• **INPUT MATERIAL**:
========================================

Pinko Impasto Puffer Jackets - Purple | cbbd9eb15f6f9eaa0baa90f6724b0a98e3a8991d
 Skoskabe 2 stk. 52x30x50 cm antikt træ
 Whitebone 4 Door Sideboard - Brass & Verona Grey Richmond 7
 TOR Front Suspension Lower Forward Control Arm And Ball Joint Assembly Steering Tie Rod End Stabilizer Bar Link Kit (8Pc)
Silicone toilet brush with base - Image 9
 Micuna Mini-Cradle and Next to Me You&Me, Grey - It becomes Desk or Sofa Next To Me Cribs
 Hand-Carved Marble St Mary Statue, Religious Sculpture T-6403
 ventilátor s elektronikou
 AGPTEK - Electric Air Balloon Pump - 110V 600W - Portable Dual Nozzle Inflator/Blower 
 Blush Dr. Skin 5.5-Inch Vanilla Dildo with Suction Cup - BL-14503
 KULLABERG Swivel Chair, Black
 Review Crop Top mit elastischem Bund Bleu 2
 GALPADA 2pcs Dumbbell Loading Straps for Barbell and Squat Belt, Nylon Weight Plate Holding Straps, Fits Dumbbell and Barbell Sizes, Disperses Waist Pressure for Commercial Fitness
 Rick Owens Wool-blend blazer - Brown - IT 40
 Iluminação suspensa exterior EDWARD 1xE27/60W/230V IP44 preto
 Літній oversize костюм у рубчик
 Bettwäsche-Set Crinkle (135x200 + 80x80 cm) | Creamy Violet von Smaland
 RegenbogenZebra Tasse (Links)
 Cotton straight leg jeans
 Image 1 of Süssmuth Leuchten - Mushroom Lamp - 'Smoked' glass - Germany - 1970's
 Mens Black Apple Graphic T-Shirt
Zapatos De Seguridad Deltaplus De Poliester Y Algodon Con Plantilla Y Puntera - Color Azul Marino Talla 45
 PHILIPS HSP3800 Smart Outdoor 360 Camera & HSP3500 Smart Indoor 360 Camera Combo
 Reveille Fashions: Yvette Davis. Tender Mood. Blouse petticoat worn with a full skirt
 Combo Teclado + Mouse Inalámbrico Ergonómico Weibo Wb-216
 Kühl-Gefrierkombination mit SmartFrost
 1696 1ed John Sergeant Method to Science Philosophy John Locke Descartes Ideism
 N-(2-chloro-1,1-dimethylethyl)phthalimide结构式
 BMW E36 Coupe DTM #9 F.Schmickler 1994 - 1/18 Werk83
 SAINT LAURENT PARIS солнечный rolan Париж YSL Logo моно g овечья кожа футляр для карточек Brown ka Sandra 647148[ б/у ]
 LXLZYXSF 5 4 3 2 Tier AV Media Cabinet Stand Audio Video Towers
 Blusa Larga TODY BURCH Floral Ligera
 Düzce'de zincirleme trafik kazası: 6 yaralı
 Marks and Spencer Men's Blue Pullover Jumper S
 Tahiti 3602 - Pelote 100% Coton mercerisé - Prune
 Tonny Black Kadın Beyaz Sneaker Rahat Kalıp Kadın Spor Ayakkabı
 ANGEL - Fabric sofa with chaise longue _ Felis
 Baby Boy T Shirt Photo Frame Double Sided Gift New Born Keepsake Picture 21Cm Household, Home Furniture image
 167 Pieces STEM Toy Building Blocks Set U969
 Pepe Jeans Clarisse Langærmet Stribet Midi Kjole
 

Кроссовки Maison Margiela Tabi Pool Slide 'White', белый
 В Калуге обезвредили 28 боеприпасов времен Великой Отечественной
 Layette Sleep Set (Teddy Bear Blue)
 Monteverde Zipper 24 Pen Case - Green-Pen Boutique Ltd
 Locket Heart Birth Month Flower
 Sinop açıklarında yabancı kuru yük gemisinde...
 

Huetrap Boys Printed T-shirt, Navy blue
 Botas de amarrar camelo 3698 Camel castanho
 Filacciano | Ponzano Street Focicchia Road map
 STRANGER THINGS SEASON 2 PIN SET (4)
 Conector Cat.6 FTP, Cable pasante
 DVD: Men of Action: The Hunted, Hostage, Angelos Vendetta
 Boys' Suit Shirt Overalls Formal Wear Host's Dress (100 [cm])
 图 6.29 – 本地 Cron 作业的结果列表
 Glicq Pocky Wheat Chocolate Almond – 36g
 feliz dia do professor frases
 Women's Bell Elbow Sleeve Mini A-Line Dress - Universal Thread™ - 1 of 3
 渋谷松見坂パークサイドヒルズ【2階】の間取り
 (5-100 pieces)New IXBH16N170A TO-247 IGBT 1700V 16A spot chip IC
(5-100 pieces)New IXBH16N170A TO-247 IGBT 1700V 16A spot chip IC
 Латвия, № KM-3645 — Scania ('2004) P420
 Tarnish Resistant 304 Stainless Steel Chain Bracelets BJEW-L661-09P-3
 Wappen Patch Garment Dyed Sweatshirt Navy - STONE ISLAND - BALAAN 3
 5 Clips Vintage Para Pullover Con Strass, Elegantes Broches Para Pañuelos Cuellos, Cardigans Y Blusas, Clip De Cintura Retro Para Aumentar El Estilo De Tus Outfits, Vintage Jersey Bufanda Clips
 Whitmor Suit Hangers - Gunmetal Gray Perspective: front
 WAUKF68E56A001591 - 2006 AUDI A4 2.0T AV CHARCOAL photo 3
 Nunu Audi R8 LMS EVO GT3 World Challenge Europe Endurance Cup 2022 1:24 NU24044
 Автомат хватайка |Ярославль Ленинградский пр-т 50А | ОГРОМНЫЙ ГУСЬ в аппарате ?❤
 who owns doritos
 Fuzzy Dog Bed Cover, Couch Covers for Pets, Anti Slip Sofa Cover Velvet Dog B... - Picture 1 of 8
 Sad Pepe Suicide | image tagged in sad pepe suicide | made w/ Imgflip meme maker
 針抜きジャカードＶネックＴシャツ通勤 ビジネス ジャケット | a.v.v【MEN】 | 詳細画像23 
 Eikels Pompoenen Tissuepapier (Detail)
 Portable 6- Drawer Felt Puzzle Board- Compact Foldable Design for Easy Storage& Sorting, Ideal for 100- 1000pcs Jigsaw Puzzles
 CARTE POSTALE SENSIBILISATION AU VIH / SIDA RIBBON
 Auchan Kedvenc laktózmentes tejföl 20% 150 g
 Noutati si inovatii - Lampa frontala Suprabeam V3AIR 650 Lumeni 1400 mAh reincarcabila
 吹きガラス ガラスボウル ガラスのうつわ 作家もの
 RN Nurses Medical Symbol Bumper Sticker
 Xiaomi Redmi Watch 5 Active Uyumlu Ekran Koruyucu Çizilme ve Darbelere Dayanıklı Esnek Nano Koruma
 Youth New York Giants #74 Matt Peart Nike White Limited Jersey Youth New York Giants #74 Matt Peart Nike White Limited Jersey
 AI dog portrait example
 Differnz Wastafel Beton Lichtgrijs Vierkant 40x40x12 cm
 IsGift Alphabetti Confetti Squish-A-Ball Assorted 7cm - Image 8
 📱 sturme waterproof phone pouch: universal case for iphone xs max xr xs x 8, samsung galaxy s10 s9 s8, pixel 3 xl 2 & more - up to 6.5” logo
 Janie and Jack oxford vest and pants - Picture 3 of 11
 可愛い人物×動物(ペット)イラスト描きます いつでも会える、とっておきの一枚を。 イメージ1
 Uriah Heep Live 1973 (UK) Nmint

========================================

• **YOUR INSTRUCTIONS**:
Please output an exact copy of the lines above, from the opening line of the data down to the line that contains "TOR Front Suspension".

• **YOUR RESPONSE**:
Pinko Impasto Puffer Jackets - Purple | cbbd9eb15f6f9eaa0baa90f6724b0a98e3a8991d
 Skoskabe 2 stk. 52x30x50 cm antikt træ
 Whitebone 4 Door Sideboard - Brass & Verona Grey Richmond 7
 TOR Front Suspension Lower Forward Control Arm And Ball Joint Assembly Steering Tie Rod End Stabilizer Bar Link Kit (8Pc)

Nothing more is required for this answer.